*** Opening of RECORDS FOR PROCESSING ***
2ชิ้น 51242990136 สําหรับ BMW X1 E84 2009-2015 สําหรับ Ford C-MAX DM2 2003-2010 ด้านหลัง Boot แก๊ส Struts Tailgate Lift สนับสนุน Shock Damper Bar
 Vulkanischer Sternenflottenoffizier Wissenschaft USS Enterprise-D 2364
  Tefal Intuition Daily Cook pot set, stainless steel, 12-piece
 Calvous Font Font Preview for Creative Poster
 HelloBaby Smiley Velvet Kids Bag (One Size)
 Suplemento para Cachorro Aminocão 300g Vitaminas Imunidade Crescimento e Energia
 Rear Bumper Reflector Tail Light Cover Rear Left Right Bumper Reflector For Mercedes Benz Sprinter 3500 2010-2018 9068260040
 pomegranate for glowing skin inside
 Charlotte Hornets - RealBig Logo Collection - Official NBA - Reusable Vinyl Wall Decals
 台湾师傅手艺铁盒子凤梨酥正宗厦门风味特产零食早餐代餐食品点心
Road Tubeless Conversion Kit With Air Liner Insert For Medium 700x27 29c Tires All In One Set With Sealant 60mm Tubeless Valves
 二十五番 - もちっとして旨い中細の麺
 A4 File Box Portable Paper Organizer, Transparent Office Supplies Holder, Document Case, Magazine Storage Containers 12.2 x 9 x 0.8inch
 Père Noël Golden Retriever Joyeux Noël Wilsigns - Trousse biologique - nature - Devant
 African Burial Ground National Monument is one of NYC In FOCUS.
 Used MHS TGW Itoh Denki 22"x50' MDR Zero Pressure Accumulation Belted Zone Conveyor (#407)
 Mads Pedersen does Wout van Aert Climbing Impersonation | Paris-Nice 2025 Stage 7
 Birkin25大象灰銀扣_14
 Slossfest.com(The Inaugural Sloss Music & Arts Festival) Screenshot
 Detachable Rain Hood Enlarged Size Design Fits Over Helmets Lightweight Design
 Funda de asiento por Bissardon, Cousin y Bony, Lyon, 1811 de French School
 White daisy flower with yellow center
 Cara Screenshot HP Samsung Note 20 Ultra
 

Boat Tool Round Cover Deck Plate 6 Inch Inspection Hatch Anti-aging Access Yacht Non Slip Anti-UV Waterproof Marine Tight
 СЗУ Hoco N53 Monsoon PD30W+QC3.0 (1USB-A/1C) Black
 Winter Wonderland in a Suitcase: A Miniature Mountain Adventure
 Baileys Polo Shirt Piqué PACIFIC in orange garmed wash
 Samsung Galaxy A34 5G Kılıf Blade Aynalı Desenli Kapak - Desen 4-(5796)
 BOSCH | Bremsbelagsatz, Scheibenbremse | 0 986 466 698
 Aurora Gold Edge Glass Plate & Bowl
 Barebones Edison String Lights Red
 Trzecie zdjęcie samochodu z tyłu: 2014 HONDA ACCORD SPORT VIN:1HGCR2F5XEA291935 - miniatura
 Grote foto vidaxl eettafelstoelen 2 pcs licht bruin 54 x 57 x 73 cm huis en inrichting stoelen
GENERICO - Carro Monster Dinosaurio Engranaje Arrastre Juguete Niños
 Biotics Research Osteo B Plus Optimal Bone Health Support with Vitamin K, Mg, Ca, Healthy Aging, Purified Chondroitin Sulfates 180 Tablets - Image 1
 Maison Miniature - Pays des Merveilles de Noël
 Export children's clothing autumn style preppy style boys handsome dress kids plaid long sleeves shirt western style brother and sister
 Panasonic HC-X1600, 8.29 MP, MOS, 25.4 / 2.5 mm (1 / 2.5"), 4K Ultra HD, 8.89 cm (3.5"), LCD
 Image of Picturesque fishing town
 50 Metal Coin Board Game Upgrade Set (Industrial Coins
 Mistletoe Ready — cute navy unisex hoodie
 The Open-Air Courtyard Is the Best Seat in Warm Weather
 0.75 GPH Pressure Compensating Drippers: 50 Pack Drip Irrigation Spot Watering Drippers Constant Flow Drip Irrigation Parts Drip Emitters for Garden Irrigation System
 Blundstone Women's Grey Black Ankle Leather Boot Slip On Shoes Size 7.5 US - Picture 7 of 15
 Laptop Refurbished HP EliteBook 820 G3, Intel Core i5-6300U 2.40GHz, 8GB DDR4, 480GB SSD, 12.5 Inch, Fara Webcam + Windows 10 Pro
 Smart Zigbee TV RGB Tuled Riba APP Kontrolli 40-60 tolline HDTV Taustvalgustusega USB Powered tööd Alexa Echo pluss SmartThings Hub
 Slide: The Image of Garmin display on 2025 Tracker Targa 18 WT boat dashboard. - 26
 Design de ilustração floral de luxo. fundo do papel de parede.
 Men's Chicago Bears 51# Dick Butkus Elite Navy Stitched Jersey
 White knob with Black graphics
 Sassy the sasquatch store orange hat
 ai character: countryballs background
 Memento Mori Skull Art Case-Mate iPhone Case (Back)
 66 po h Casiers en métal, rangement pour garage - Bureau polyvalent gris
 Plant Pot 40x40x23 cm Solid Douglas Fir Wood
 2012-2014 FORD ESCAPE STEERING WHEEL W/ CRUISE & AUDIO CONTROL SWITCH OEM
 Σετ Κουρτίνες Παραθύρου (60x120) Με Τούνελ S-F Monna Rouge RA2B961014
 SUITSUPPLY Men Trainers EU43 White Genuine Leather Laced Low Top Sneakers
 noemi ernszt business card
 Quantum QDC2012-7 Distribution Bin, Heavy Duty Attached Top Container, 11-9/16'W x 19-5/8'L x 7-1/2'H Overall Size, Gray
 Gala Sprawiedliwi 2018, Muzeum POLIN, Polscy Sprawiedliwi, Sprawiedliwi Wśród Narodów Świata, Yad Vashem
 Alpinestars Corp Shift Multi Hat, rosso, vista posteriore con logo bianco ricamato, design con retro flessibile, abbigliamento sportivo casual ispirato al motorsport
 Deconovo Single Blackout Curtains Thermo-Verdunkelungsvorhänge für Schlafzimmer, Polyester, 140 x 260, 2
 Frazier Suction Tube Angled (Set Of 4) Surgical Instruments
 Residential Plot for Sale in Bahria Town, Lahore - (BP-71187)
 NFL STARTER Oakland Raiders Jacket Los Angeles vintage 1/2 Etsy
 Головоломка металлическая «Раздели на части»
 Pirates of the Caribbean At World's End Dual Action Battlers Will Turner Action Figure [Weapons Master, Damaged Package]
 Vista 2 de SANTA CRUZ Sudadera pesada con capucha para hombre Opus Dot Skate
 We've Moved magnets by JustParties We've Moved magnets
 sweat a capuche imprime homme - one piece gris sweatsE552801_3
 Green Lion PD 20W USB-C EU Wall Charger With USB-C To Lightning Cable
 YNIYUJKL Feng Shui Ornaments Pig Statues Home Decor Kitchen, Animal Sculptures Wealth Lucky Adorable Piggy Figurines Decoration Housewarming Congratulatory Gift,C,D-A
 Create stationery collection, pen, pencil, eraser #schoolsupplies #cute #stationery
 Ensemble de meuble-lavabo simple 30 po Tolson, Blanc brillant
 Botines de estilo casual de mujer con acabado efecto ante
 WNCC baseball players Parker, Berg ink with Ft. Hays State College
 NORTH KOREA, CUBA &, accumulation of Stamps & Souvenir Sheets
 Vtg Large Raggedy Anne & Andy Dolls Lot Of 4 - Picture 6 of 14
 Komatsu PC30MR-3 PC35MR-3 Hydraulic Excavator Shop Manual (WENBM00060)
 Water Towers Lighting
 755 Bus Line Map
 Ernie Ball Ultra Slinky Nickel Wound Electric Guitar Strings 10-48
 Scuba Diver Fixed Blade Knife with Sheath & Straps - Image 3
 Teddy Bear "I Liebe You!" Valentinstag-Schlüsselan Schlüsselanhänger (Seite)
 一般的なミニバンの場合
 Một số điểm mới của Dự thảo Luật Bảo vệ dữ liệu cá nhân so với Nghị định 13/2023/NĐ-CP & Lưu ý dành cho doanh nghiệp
*** Close of RECORDS FOR PROCESSING ***
● **WHAT IS REQUIRED**
Could the entire listing be reproduced without any alteration?

● **SOLUTION TO THIS EXERCISE**
2ชิ้น 51242990136 สําหรับ BMW X1 E84 2009-2015 สําหรับ Ford C-MAX DM2 2003-2010 ด้านหลัง Boot แก๊ส Struts Tailgate Lift สนับสนุน Shock Damper Bar
 Vulkanischer Sternenflottenoffizier Wissenschaft USS Enterprise-D 2364
  Tefal Intuition Daily Cook pot set, stainless steel, 12-piece
 Calvous Font Font Preview for Creative Poster
 HelloBaby Smiley Velvet Kids Bag (One Size)
 Suplemento para Cachorro Aminocão 300g Vitaminas Imunidade Crescimento e Energia
 Rear Bumper Reflector Tail Light Cover Rear Left Right Bumper Reflector For Mercedes Benz Sprinter 3500 2010-2018 9068260040
 pomegranate for glowing skin inside
 Charlotte Hornets - RealBig Logo Collection - Official NBA - Reusable Vinyl Wall Decals
 台湾师傅手艺铁盒子凤梨酥正宗厦门风味特产零食早餐代餐食品点心
Road Tubeless Conversion Kit With Air Liner Insert For Medium 700x27 29c Tires All In One Set With Sealant 60mm Tubeless Valves
 二十五番 - もちっとして旨い中細の麺
 A4 File Box Portable Paper Organizer, Transparent Office Supplies Holder, Document Case, Magazine Storage Containers 12.2 x 9 x 0.8inch
 Père Noël Golden Retriever Joyeux Noël Wilsigns - Trousse biologique - nature - Devant
 African Burial Ground National Monument is one of NYC In FOCUS.
 Used MHS TGW Itoh Denki 22"x50' MDR Zero Pressure Accumulation Belted Zone Conveyor (#407)
 Mads Pedersen does Wout van Aert Climbing Impersonation | Paris-Nice 2025 Stage 7
 Birkin25大象灰銀扣_14
 Slossfest.com(The Inaugural Sloss Music & Arts Festival) Screenshot
 Detachable Rain Hood Enlarged Size Design Fits Over Helmets Lightweight Design
 Funda de asiento por Bissardon, Cousin y Bony, Lyon, 1811 de French School
 White daisy flower with yellow center
 Cara Screenshot HP Samsung Note 20 Ultra
 

Boat Tool Round Cover Deck Plate 6 Inch Inspection Hatch Anti-aging Access Yacht Non Slip Anti-UV Waterproof Marine Tight
 СЗУ Hoco N53 Monsoon PD30W+QC3.0 (1USB-A/1C) Black
 Winter Wonderland in a Suitcase: A Miniature Mountain Adventure
 Baileys Polo Shirt Piqué PACIFIC in orange garmed wash
 Samsung Galaxy A34 5G Kılıf Blade Aynalı Desenli Kapak - Desen 4-(5796)
 BOSCH | Bremsbelagsatz, Scheibenbremse | 0 986 466 698
 Aurora Gold Edge Glass Plate & Bowl
 Barebones Edison String Lights Red
 Trzecie zdjęcie samochodu z tyłu: 2014 HONDA ACCORD SPORT VIN:1HGCR2F5XEA291935 - miniatura
 Grote foto vidaxl eettafelstoelen 2 pcs licht bruin 54 x 57 x 73 cm huis en inrichting stoelen
GENERICO - Carro Monster Dinosaurio Engranaje Arrastre Juguete Niños
 Biotics Research Osteo B Plus Optimal Bone Health Support with Vitamin K, Mg, Ca, Healthy Aging, Purified Chondroitin Sulfates 180 Tablets - Image 1
 Maison Miniature - Pays des Merveilles de Noël
 Export children's clothing autumn style preppy style boys handsome dress kids plaid long sleeves shirt western style brother and sister
 Panasonic HC-X1600, 8.29 MP, MOS, 25.4 / 2.5 mm (1 / 2.5"), 4K Ultra HD, 8.89 cm (3.5"), LCD
 Image of Picturesque fishing town
 50 Metal Coin Board Game Upgrade Set (Industrial Coins
 Mistletoe Ready — cute navy unisex hoodie
 The Open-Air Courtyard Is the Best Seat in Warm Weather
 0.75 GPH Pressure Compensating Drippers: 50 Pack Drip Irrigation Spot Watering Drippers Constant Flow Drip Irrigation Parts Drip Emitters for Garden Irrigation System
 Blundstone Women's Grey Black Ankle Leather Boot Slip On Shoes Size 7.5 US - Picture 7 of 15
 Laptop Refurbished HP EliteBook 820 G3, Intel Core i5-6300U 2.40GHz, 8GB DDR4, 480GB SSD, 12.5 Inch, Fara Webcam + Windows 10 Pro
 Smart Zigbee TV RGB Tuled Riba APP Kontrolli 40-60 tolline HDTV Taustvalgustusega USB Powered tööd Alexa Echo pluss SmartThings Hub
 Slide: The Image of Garmin display on 2025 Tracker Targa 18 WT boat dashboard. - 26
 Design de ilustração floral de luxo. fundo do papel de parede.
 Men's Chicago Bears 51# Dick Butkus Elite Navy Stitched Jersey
 White knob with Black graphics
 Sassy the sasquatch store orange hat
 ai character: countryballs background
 Memento Mori Skull Art Case-Mate iPhone Case (Back)
 66 po h Casiers en métal, rangement pour garage - Bureau polyvalent gris
 Plant Pot 40x40x23 cm Solid Douglas Fir Wood
 2012-2014 FORD ESCAPE STEERING WHEEL W/ CRUISE & AUDIO CONTROL SWITCH OEM
 Σετ Κουρτίνες Παραθύρου (60x120) Με Τούνελ S-F Monna Rouge RA2B961014
 SUITSUPPLY Men Trainers EU43 White Genuine Leather Laced Low Top Sneakers
 noemi ernszt business card
 Quantum QDC2012-7 Distribution Bin, Heavy Duty Attached Top Container, 11-9/16'W x 19-5/8'L x 7-1/2'H Overall Size, Gray
 Gala Sprawiedliwi 2018, Muzeum POLIN, Polscy Sprawiedliwi, Sprawiedliwi Wśród Narodów Świata, Yad Vashem
 Alpinestars Corp Shift Multi Hat, rosso, vista posteriore con logo bianco ricamato, design con retro flessibile, abbigliamento sportivo casual ispirato al motorsport
 Deconovo Single Blackout Curtains Thermo-Verdunkelungsvorhänge für Schlafzimmer, Polyester, 140 x 260, 2
 Frazier Suction Tube Angled (Set Of 4) Surgical Instruments
 Residential Plot for Sale in Bahria Town, Lahore - (BP-71187)
 NFL STARTER Oakland Raiders Jacket Los Angeles vintage 1/2 Etsy
 Головоломка металлическая «Раздели на части»
 Pirates of the Caribbean At World's End Dual Action Battlers Will Turner Action Figure [Weapons Master, Damaged Package]
 Vista 2 de SANTA CRUZ Sudadera pesada con capucha para hombre Opus Dot Skate
 We've Moved magnets by JustParties We've Moved magnets
 sweat a capuche imprime homme - one piece gris sweatsE552801_3
 Green Lion PD 20W USB-C EU Wall Charger With USB-C To Lightning Cable
 YNIYUJKL Feng Shui Ornaments Pig Statues Home Decor Kitchen, Animal Sculptures Wealth Lucky Adorable Piggy Figurines Decoration Housewarming Congratulatory Gift,C,D-A
 Create stationery collection, pen, pencil, eraser #schoolsupplies #cute #stationery
 Ensemble de meuble-lavabo simple 30 po Tolson, Blanc brillant
 Botines de estilo casual de mujer con acabado efecto ante
 WNCC baseball players Parker, Berg ink with Ft. Hays State College
 NORTH KOREA, CUBA &, accumulation of Stamps & Souvenir Sheets
 Vtg Large Raggedy Anne & Andy Dolls Lot Of 4 - Picture 6 of 14
 Komatsu PC30MR-3 PC35MR-3 Hydraulic Excavator Shop Manual (WENBM00060)
 Water Towers Lighting
 755 Bus Line Map
 Ernie Ball Ultra Slinky Nickel Wound Electric Guitar Strings 10-48
 Scuba Diver Fixed Blade Knife with Sheath & Straps - Image 3
 Teddy Bear "I Liebe You!" Valentinstag-Schlüsselan Schlüsselanhänger (Seite)
 一般的なミニバンの場合
 Một số điểm mới của Dự thảo Luật Bảo vệ dữ liệu cá nhân so với Nghị định 13/2023/NĐ-CP & Lưu ý dành cho doanh nghiệp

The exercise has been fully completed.